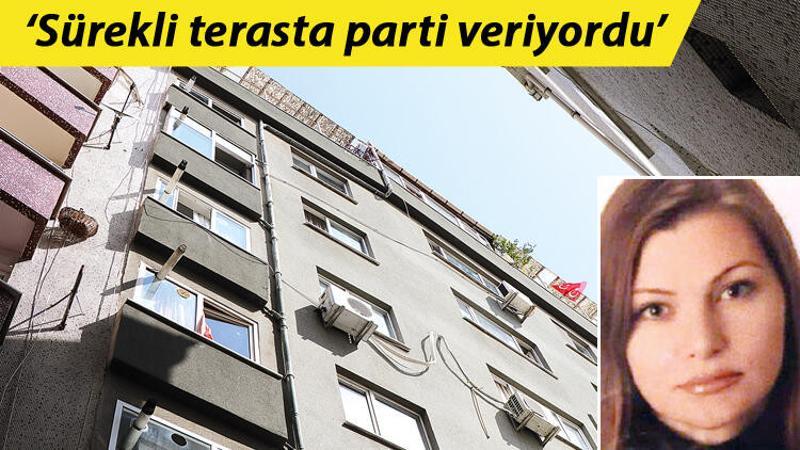 Şişli'de 7'inci kattan düşen kadının şüpheli ölümü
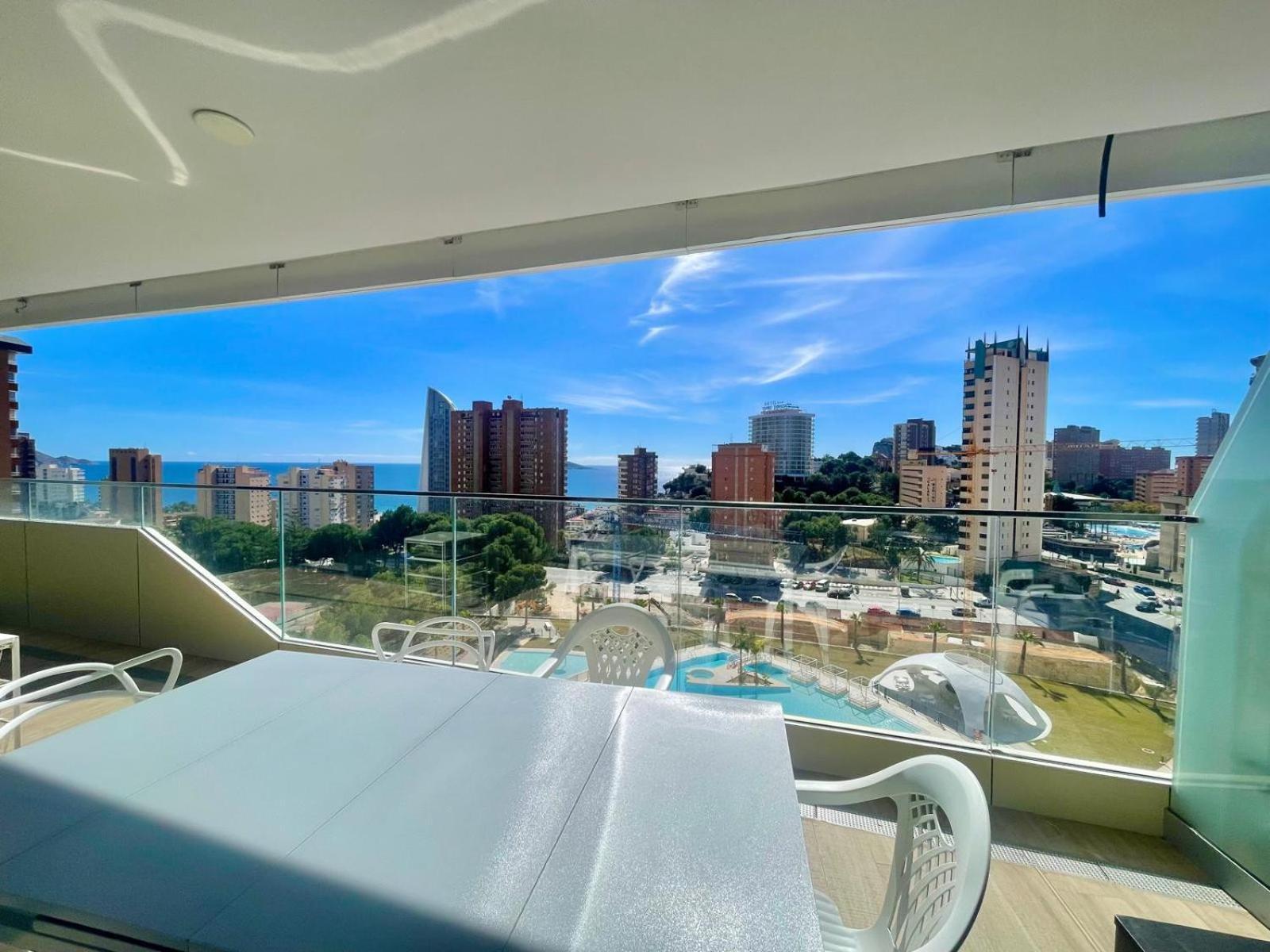 Apartment Luxury Poniente Benidorm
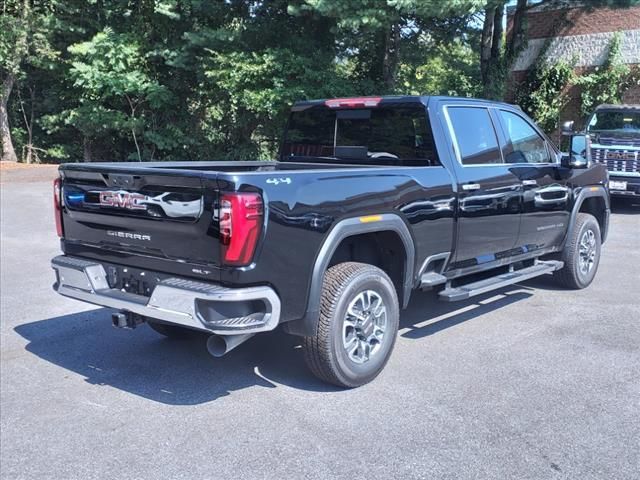 2024 GMC Sierra 2500HD SLT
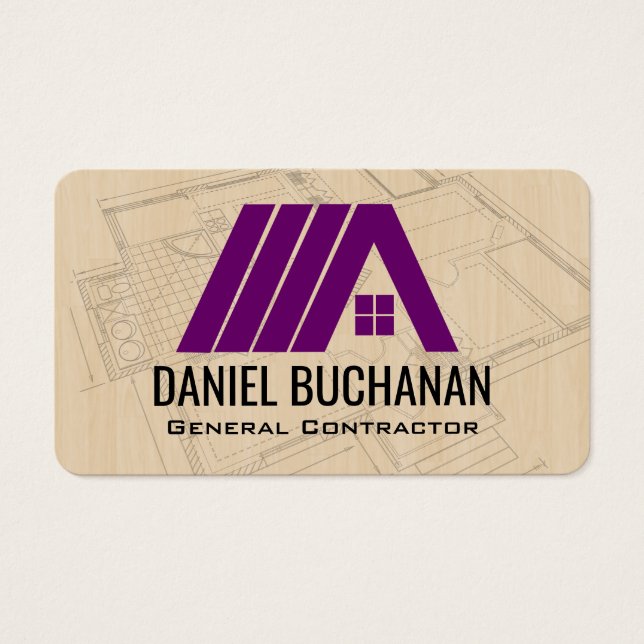 Contractor | House | Architect (Front)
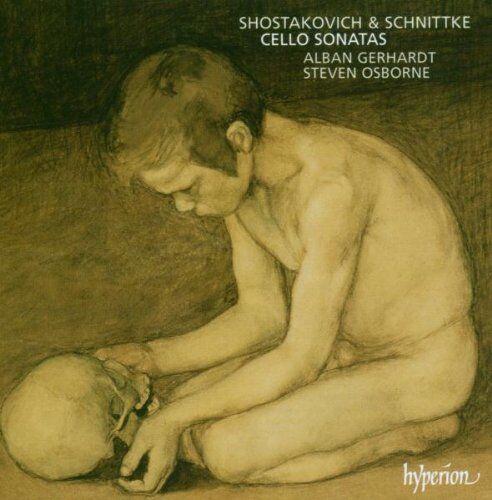 Alban Gerhardt - Schostakowitsch/Schnittke: Cellosonaten - Preis vom 11.10.2026 15:43:13 h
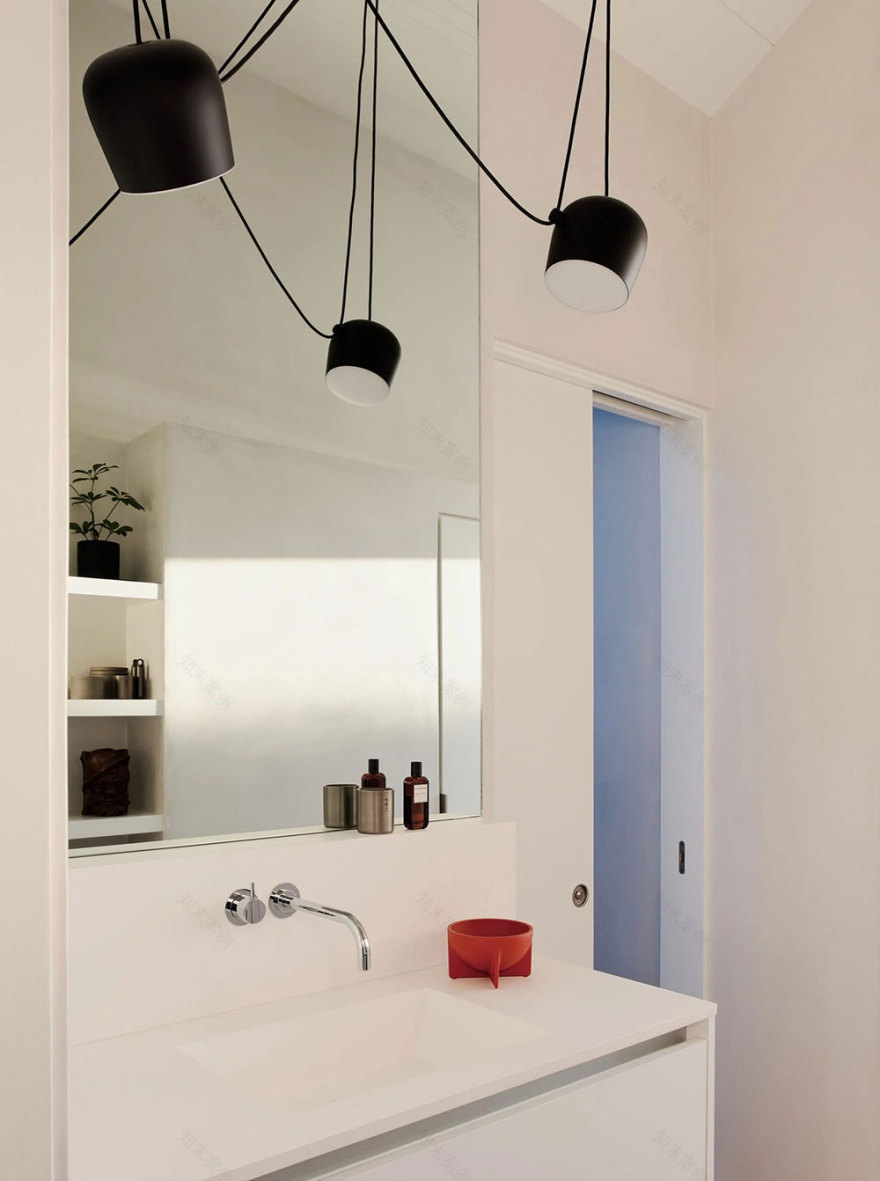 加州海洋边的完美融合自然之度假小屋-11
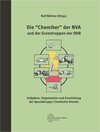 Buchcover Die "Chemiker" der NVA und der Grenztruppen der DDR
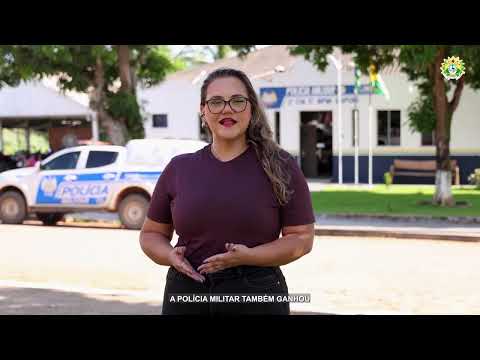 Tecnologia aliada à segurança: monitoramento por câmeras amplia a vigilância em Xapuri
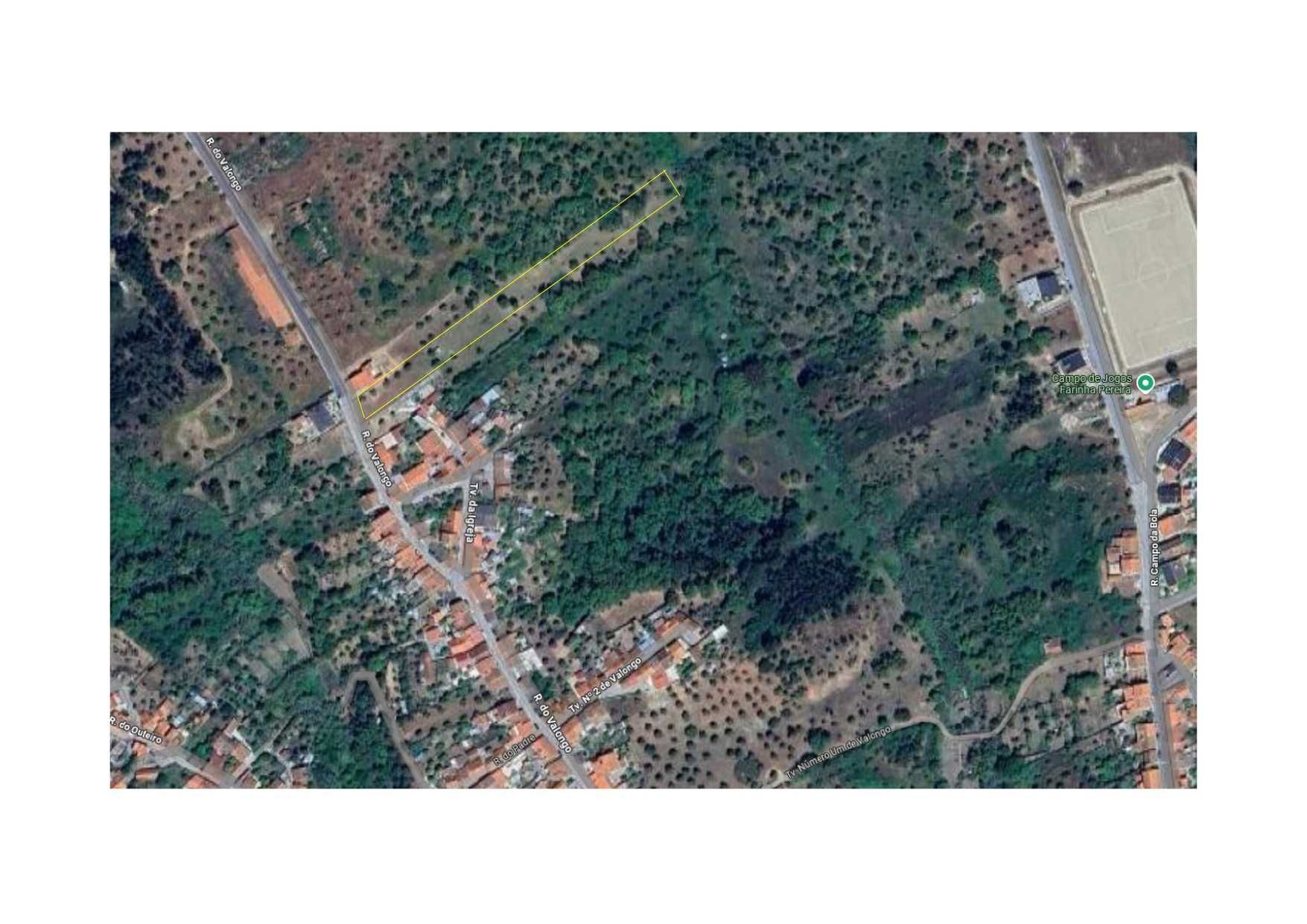 Terreno urbano São Miguel do Rio Torto - Abrantes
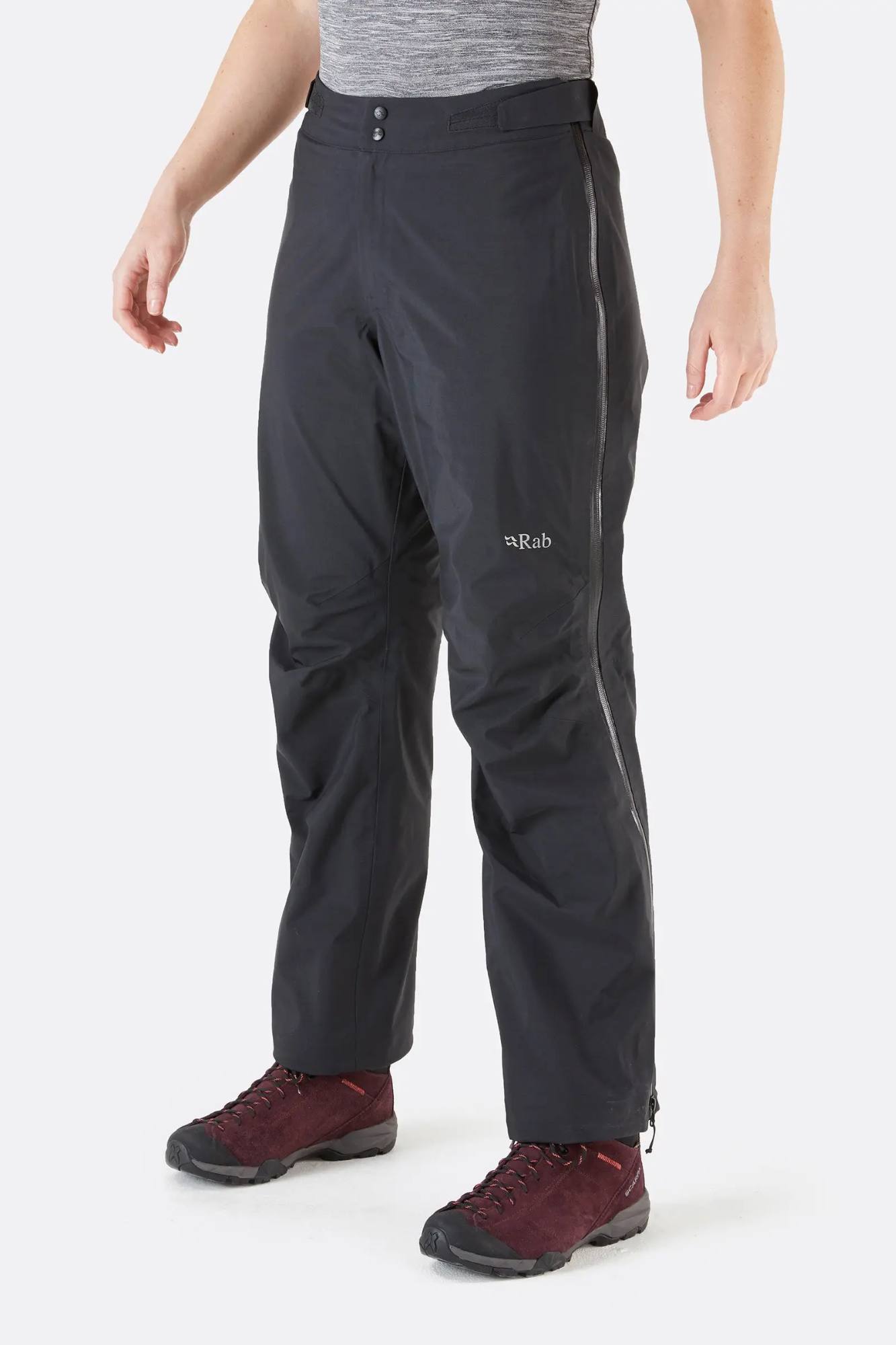 Women's Kangri GTX Pant Musta 10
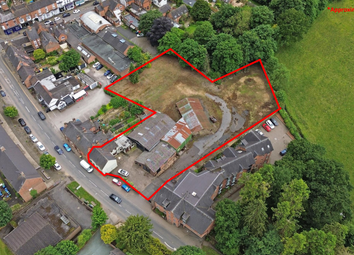 Thumbnail Land for sale in Land And Buildings At, 22 Castle Street, Eccleshall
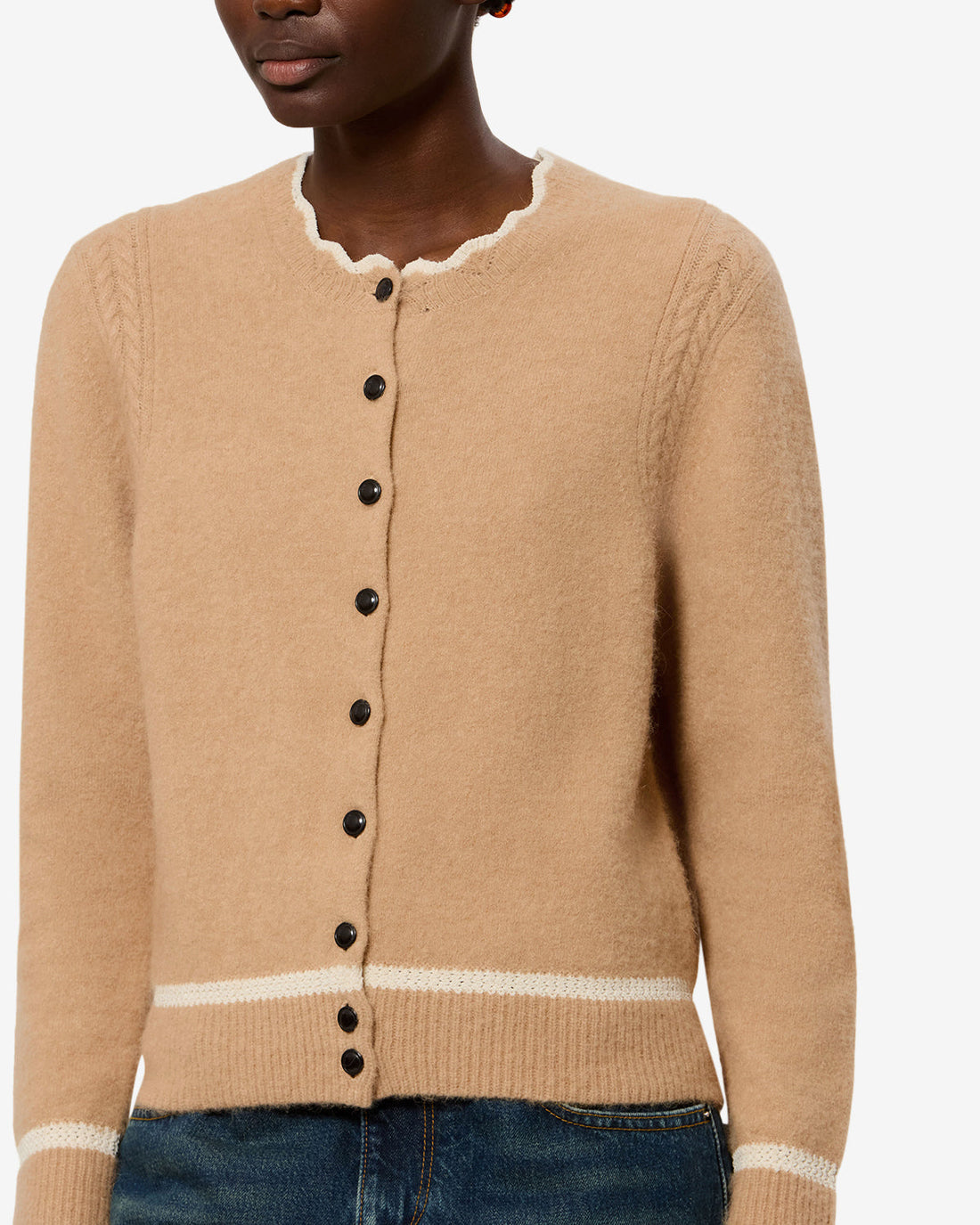 CARDIGAN NAIA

........

__PROBLEM DESCRIPTION__. When pictures appear in the records above, leave them out and reproduce exactly each line from the first through the line containing "Thumbnail Land for", both included.

__RESULT FOR THIS EXERCISE__.
 Şişli'de 7'inci kattan düşen kadının şüpheli ölümü
 Apartment Luxury Poniente Benidorm
 2024 GMC Sierra 2500HD SLT
 Contractor | House | Architect (Front)
 Alban Gerhardt - Schostakowitsch/Schnittke: Cellosonaten - Preis vom 11.10.2026 15:43:13 h
 加州海洋边的完美融合自然之度假小屋-11
 Buchcover Die "Chemiker" der NVA und der Grenztruppen der DDR
 Tecnologia aliada à segurança: monitoramento por câmeras amplia a vigilância em Xapuri
 Terreno urbano São Miguel do Rio Torto - Abrantes
 Women's Kangri GTX Pant Musta 10
 Thumbnail Land for sale in Land And Buildings At, 22 Castle Street, Eccleshall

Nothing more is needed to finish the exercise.